According to Andy Richards, video is an important outlet for horror (43). When thinking about this in relation to voyeurism, the spectator becomes the peeping tom. Mulvey discusses the isolation and darkness of a movie theatre as promoting “the illusion of voyeuristic separation” (840); watching a video in the privacy of your home then is the ultimate way to indulge in one’s voyeurism. This makes Masuoka’s home a very interesting space. It is claustrophobic, dark and screen-filled; much like how one might describe a theatre, and this is where Masuoka brings F. She becomes yet another object from which he can derive pleasure through his gaze, just without a screen. And yet, he is recording her at all times and actively reviewing the tapes each night. This implies that film and video are safe and acceptable outlets for the gaze; it is somehow more appropriate to watch through the filter of the ‘cinema’.

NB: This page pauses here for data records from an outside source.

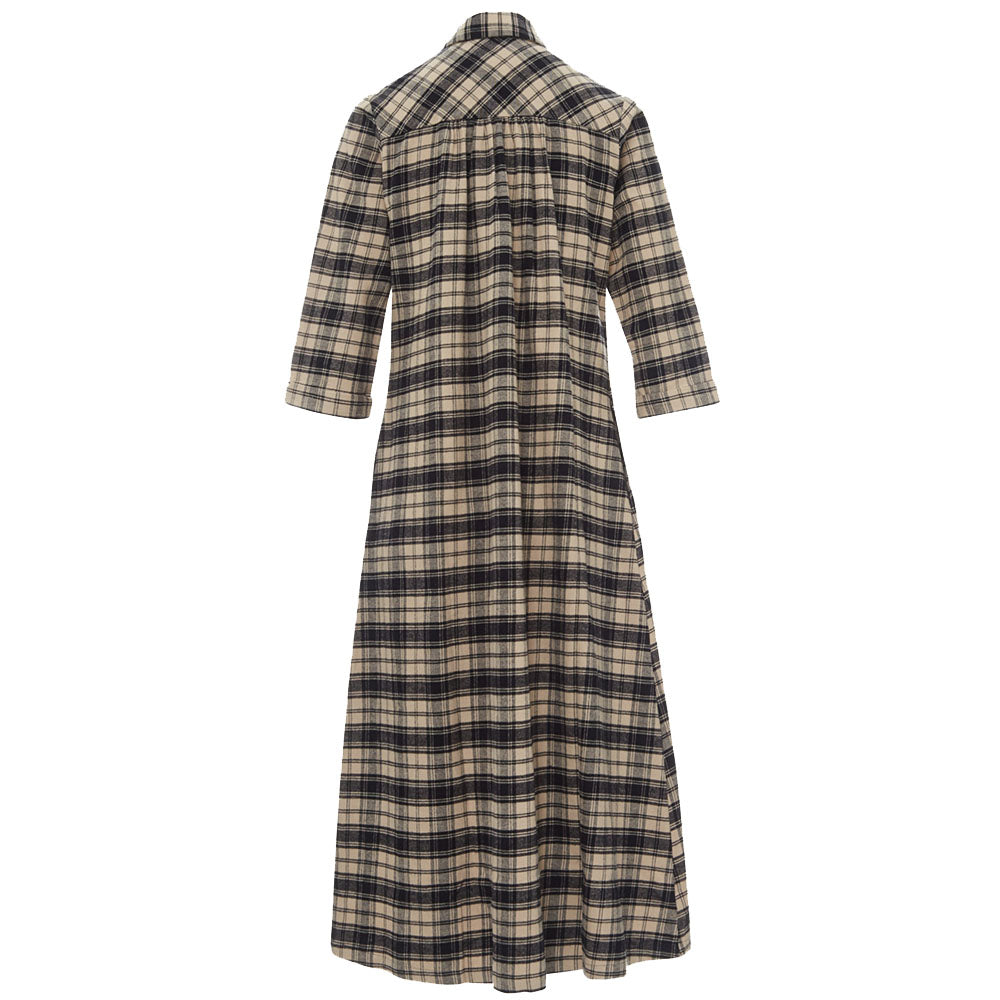 Leon & Harper Roxette Dress Check + Black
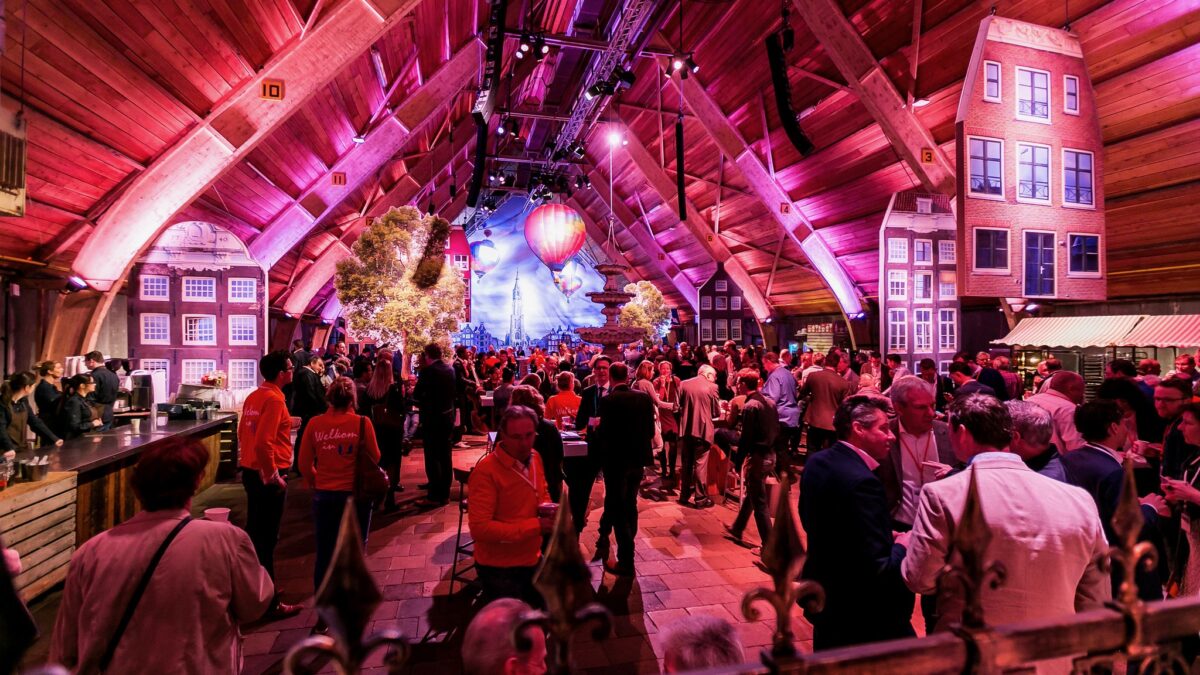 Copraloods - Congres - Borrel - Bedrijfsfeest - Inrichting - Fontein DeFabrique
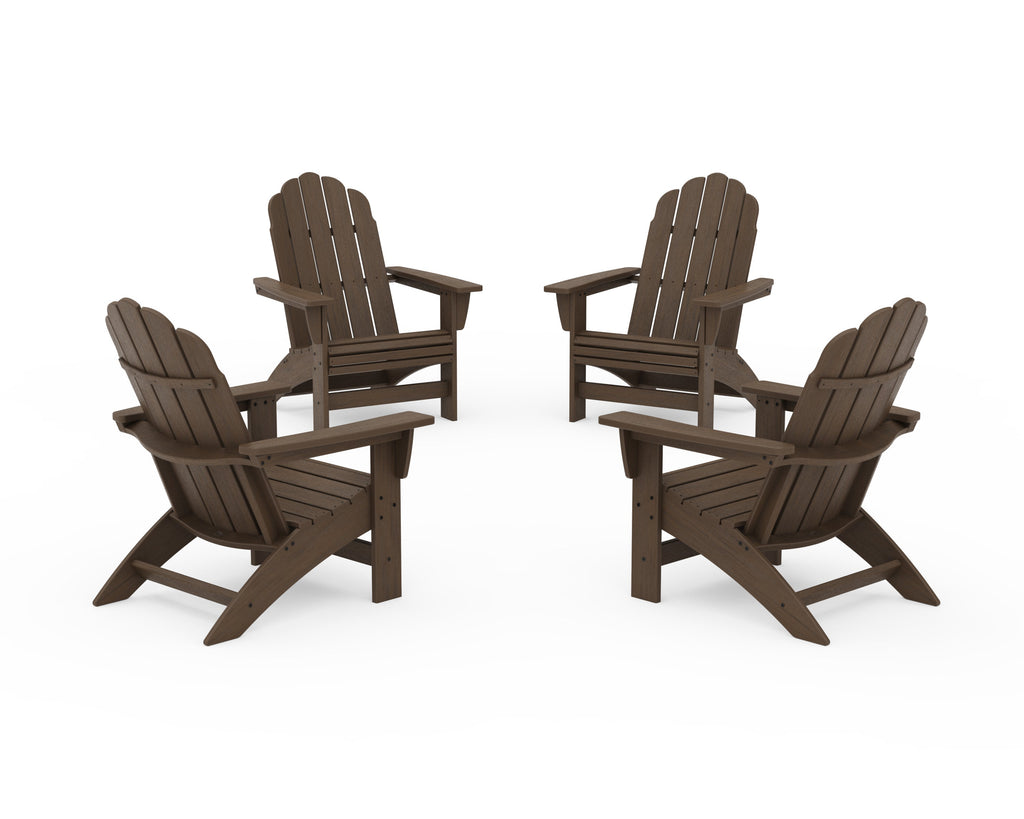4-Piece Vineyard Grand Adirondack Chair Conversation Set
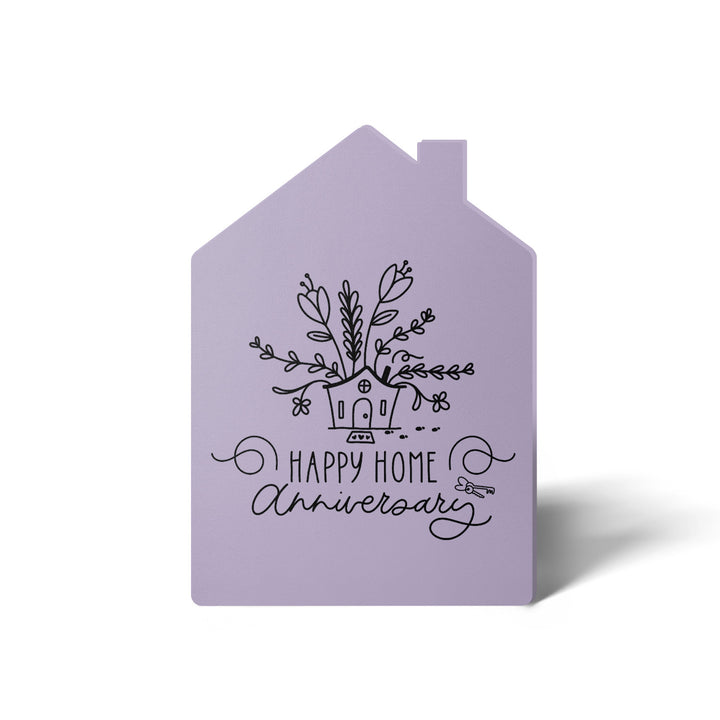 Set of "Happy Home Anniversary" Greeting Cards | Envelopes Included | 8-GC002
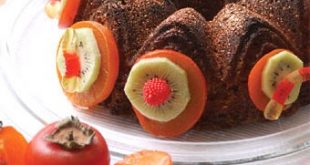 Persimmon cake 310x165 - طرز پخت کیک خرمالو پاییزی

Because Masuoka is positioned as a horror obsessed mentally ‘unwell’ camera man turned violent, the film implies that there is definitely something dangerous about horror spectatorship. Addiction to watching sadistic images is figured as questionable and it seems acting on the desire to watch may lead to the desire to partake. If such desires cannot be managed through repression they must be managed through oppression; Masuoka is eventually sent to the underworld for his crimes. Marebito thus concludes that the deviant voyeur is not welcome in civilized society, an oxy-moronic connotation, to say the least. The film is incredibly interesting, for this reason especially, and should be watched analytically at least once by every horror fan.